Mahkemece, “…davacının başvurusu şikayet olmayıp İİK’nun 96 ve devamı maddeleri gereğince açılmış istihkak davası niteliğinde olduğu, istihkak davasının nispi harca tabi olması nedeniyle davacı vekiline harca esas değeri bildirmesi ve noksan harcı yatırması için süre verilmesine rağmen davacı vekilinin harca esas değeri bildirmediği ve noksan harcı yatırmadığı bu durumda davanın açılmamış sayılmasına karar verilmesi gerektiği..” gerekçesi ile davanın açılmamış sayılmasına karar verilmiş; hüküm, şikayetçi vekili tarafından temyiz edilmiştir.
6100 sayılı HMK’nun 33. (1086 sayılı HUMK’nun 76.) maddesi uyarınca Türk hukukunu re’sen uygulamakla yükümlü olan hâkim, tarafların ileri sürdükleri maddi olay ve netice talepleri ile bağlı olup, olayların hukuksal açıdan değerlendirilmesi ve nitelendirilmesi hakime aittir.

Bu ilke ışığında, dava dilekçesi içeriğindeki anlatımdan ve talep sonucundan uyuşmazlığın, şikayete ilişkin olduğu anlaşılmaktadır. Şikayetçi 3. kişi, maktu harç yatırmak suretiyle İcra Mahkemesi’nden haczin İİK’nun 99. maddesine göre yapılması ve alacaklıya istihkak davası açması için süre verilmesi gerektiğini belirterek İcra Müdürlüğü’nün İİK’nun 99. maddesinin uygulanması talebinin reddine ilişkin işleminin iptalini, İİK’nun 16. maddesi uyarınca şikayet yoluyla istemiştir. Yerel mahkemece, şikayetçinin istemi aşılarak, ortada bir istihkak davası olmadığı halde talebi istihkak davası olarak nitelendirilerek yukarıda yazılı şekilde karar verilmesi usul ve yasaya aykırı olup, kararın bozulması gerekmiştir.
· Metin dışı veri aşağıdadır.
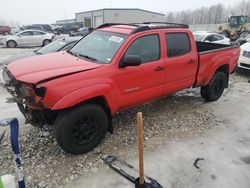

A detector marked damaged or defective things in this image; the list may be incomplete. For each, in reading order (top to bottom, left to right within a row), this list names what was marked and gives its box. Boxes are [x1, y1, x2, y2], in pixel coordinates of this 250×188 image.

crumpled hood [7, 51, 102, 83]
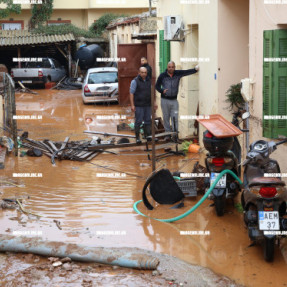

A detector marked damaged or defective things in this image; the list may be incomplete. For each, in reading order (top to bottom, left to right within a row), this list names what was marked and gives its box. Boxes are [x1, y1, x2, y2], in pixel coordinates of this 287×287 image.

2- Bozma neden ve şekline göre diğer temyiz itirazlarının bu aşamada incelenmesi gerekli görülmemiştir.
SONUÇ: Yukarıda (1) numaralı bentte açıklanan nedenlerle davacı üçüncü kişi vekilinin temyiz itirazlarının kabulü ile hükmün İİK’nun 366 ve 6100 sayılı HMK’nun Geçici 3. maddesi yollamasıyla 1086 sayılı HUMK’nun 428. maddesi uyarınca BOZULMASINA, (2) numaralı bentte açıklanan nedenlerle diğer temyiz itirazlarının bu aşamada incelenmesine yer olmadığına, taraflarca HUMK’nun 388/4. (HMK m.297/ç) ve İİK’nun 366/3. maddeleri gereğince Yargıtay Daire ilamının tebliğinden itibaren ilama karşı 10 gün içinde karar düzeltme isteğinde bulunulabileceğine, 12.02.2015 tarihinde oybirliğiyle karar verildi.